In a maintenance context, asset management is the practice of maintaining accurate records and schedules for every piece of physical equipment an organization is responsible for maintaining — tracking its location, condition, maintenance history, and PM requirements over its operational life.
Distinguishing Maintenance Asset Management from Other Uses of the Term
“Asset management” is used in several unrelated fields, which creates confusion:
Financial asset management refers to managing investment portfolios — stocks, bonds, real estate. Unrelated to maintenance.
IT asset management (ITAM) refers to tracking software licenses, hardware inventory, and IT contracts. It shares some conceptual overlap (tracking serial numbers, warranties) but is a separate discipline with different tools and goals.

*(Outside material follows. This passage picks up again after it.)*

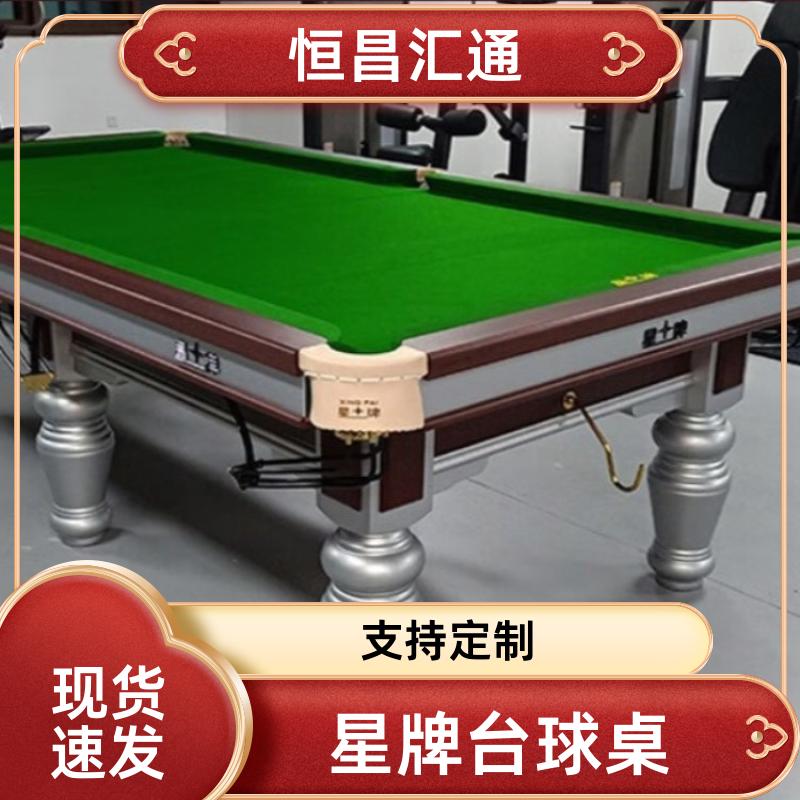 恒昌汇通 减压放松 星牌台球桌现货出售 支持定制 法式球台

Maintenance asset management — the subject of this entry — refers to managing physical plant equipment: HVAC systems, production machinery, vehicles, infrastructure, and facility components. The goal is operational: knowing what you have, where it is, what it needs, and what you’ve done to it.
What Maintenance Asset Management Includes
Asset registry. A structured record for every maintained asset: name, asset ID, location, manufacturer, model, serial number, installation date, warranty expiration, and assigned PM schedule. This is the foundation — without it, the rest of asset management has nothing to build on.
Maintenance history. Every work order, PM, inspection, and parts replacement linked to each specific asset. This history is what enables meaningful decisions: whether an asset is worth continued maintenance, what its failure patterns look like, and what it’s actually cost over time.
PM scheduling. Preventive maintenance is asset-specific. Each asset has maintenance requirements — a chiller has different PM needs than a conveyor belt — and those schedules live on the asset record. When a schedule fires, work is tied to that asset and goes into its history.
Lifecycle management. Tracking age, total maintenance cost, and performance trends over the asset’s life to inform replacement decisions. An asset that’s old, frequently failing, and expensive to maintain may cost more to keep running than to replace — but that judgment requires maintenance cost history.
Why It Matters in Maintenance
Without asset management, maintenance teams work from memory and improvisation. History lives in individual technicians’ heads and disappears when they leave. PM schedules exist on whiteboards or in spreadsheets disconnected from the assets they cover. Repair-vs-replace decisions are guesswork.
With a well-maintained asset registry and linked work order history, maintenance becomes data-driven: PM schedules are attached to specific assets, failure patterns are visible, and every technician — including someone new on their first day — has access to the full context for any asset they’re working on.